Too many measured punches

April 12, 1999
Which comes first in American foreign policy-the economic sanction or the cruise missile? It's getting hard to tell. Various levels of government have come to impose sanctions so readily that Congress might limit the tactic (see Watching Government, p. 37). In a telling coincidence, bills to force officials into thinking before enacting sanctions emerged in both houses while American aerial weapons were pounding Yugoslavia under auspices of the United Nations.

Which comes first in American foreign policy-the economic sanction or the cruise missile? It's getting hard to tell.

Various levels of government have come to impose sanctions so readily that Congress might limit the tactic (see Watching Government, p. 37). In a telling coincidence, bills to force officials into thinking before enacting sanctions emerged in both houses while American aerial weapons were pounding Yugoslavia under auspices of the United Nations.

Limits welcome

For the U.S. oil and gas industry, limits on sanctions would be welcome indeed. Sanctions have denied U.S. operators and service companies many opportunities. Benefits to U.S. foreign policy interests have been questionable.

The issue received a new twist with Libya's surrender on Apr. 5 of two intelligence agents suspected in the bombing of an airliner over Lockerbie, Scotland, that killed 259 passengers and 11 people on the ground. Sanction fans will claim vindication in Tripoli's submission to an unusual trial of the suspects by a Scottish court bivouacked in the Netherlands. But it's not that simple. The bombing occurred in December 1988. Ten years is a long time to wait for a shot at justice. Ten years is a long time for Libyan leader Muammar Qadhafi to have scorned international decency.

As soon as the bombing suspects arrived in Holland, the U.N. began proceedings to suspend economic sanctions. It imposed limits on travel, technology transfer, and financial activity in 1992 and 1993 after Libya came to be thought responsible for the Lockerbie atrocity and the 1989 bombing of an airliner in France that claimed 171 lives. Unraveling of the U.N. sanctions won't help U.S. companies, though.

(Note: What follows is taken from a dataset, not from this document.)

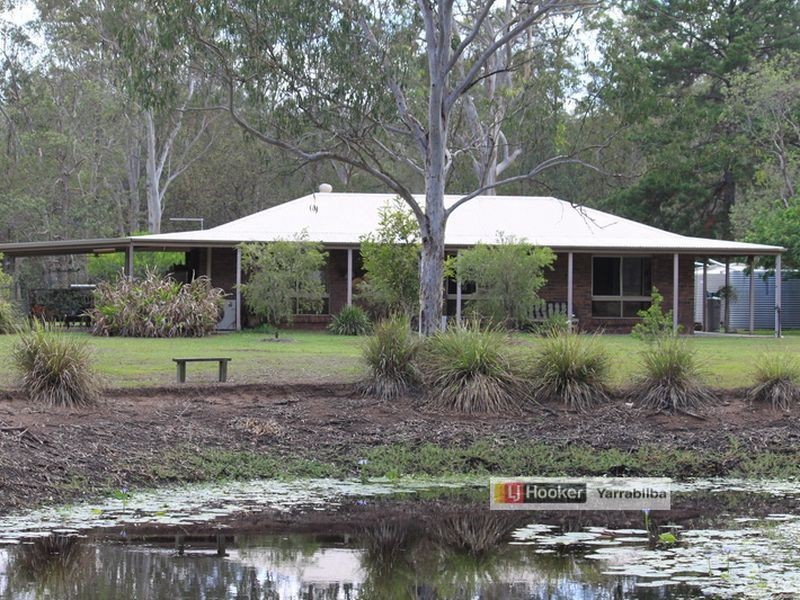 64-70 Maranoa Drive, Logan Village QLD 4207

Their country has its own sanctions against Libya. Former President Ronald Reagan imposed them in January 1986 in response to terrorist attacks against Americans in Europe. Two months later he launched air strikes against strategic targets in Libya. Congress added to the 1986 measures with the Iran-Libya Sanctions Act of 1996.

Even if the U.N. sanctions disappear, the U.S. measures probably will not. The State Department says Qadhafi's government still supports a number of Palestinian terrorist groups, including the Abu Nidal Organization, the leader of which lives in Libya. Sanctions haven't stopped Qadhafi's support for terrorism.

In fact, where effectiveness is concerned, sanctions have much in common with the aerial harassment of Yugoslavian President Slobodan Milosevic. The military action, taken in response to Serb barbarity against Albanians in Kosovo, started with solemn promises from the U.N. and U.S. not to deploy ground troops. Given that generous discount to his probable losses, Milosevic accelerated his purge of Kosovo.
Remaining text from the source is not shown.